[Your goal] Starting at the line that holds "Sauskelnės Bambo Nature, 2" and stopping at the line that holds "Shop Women's Grey", restate the records below word for word, with both of those lines included.
(Dataset content begins)
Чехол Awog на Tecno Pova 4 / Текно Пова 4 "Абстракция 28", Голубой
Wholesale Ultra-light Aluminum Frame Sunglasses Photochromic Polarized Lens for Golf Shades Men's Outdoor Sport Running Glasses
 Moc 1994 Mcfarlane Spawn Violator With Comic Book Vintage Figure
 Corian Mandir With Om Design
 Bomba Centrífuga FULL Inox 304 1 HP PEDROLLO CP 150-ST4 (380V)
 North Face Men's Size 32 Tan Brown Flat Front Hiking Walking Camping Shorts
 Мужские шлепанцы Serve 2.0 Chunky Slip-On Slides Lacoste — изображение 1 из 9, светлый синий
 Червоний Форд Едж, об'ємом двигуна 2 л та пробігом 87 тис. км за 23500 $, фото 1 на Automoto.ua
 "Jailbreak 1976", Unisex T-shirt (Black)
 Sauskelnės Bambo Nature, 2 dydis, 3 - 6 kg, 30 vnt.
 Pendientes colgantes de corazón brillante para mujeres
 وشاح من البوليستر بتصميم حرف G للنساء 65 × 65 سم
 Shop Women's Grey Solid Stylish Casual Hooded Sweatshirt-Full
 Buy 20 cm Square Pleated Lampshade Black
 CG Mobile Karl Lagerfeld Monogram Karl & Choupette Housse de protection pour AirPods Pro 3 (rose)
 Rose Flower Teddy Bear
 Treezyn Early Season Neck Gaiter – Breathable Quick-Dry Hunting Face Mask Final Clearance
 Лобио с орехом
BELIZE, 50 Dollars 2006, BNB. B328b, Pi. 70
(Dataset content ends)
[Solved exercise]
 Sauskelnės Bambo Nature, 2 dydis, 3 - 6 kg, 30 vnt.
 Pendientes colgantes de corazón brillante para mujeres
 وشاح من البوليستر بتصميم حرف G للنساء 65 × 65 سم
 Shop Women's Grey Solid Stylish Casual Hooded Sweatshirt-Full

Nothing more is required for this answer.